Cimoszewicz: zgoda Polski potrzebna do zmiany traktatu z Nicei
Jeśli nie zaaprobujemy zapisów dyskryminujących Polskę w przyszłych władzach unijnych, traktat będzie mógł wejść w życie, ale bez tych zapisów - powiedział minister spraw zagranicznych Włodzimierz Cimoszewicz.
02.10.2003 | aktual.: 02.10.2003 08:07
Polska, podobnie jak Hiszpania, stanowczo sprzeciwia się zmianom traktatu z Nicei, który normuje funkcjonowanie Unii Europejskiej po jej rozszerzeniu.
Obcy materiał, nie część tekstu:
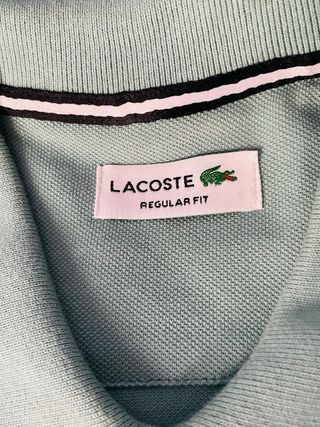 Polo Lacoste Verde Menta Talla M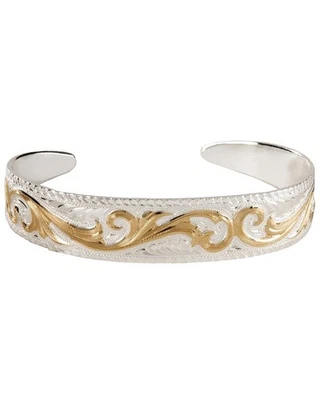 Brazalete de plata Montana Silversmiths con pergamino cónico Foto 1 de 2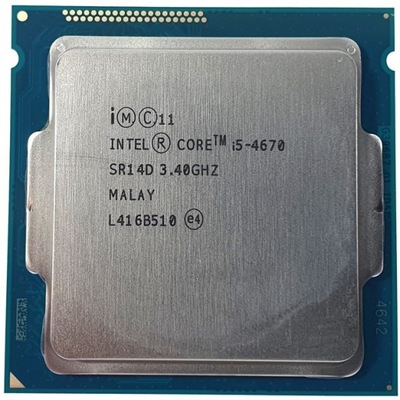 Procesor INTEL Core i5-4670 SR14D 4x 3,4GHz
Będzie to jedna z głównych spraw omawianych na rozpoczynającej się w sobotę w Rzymie konferencji międzyrządowej, która ma przyjąć Europejski Traktat Konstytucyjny.
W projekcie tego traktatu zapisana jest rewizja traktatu z Nicei w sposób, który zmniejszy wpływ państw takich, jak Polska i Hiszpania na unijną politykę. Szef polskiej dyplomacji, opowiadając się w "Sygnałach Dnia" za utrzymaniem ustaleń traktatu nicejskiego argumentował, że nielogiczne jest zmienianie zapisów, które jeszcze nie weszły w życie i nie zostały praktycznie zweryfikowane. "Nikt z unijnych szefów dyplomacji nie potrafił mi wyjaśnić, co takiego się stało, co by uzasadniało zmienianie traktatu, który jeszcze nie wszedł w życie" - dodał minister Cimoszewicz.
Gość Sygnałów Dnia wyjaśnił, że dla przyjęcia Europejskiego Traktatu Konstytucyjnego w niekorzystnej dla nas formie konieczna jest akceptacja wszystkich 25 obecnych i przyszłych członków Unii.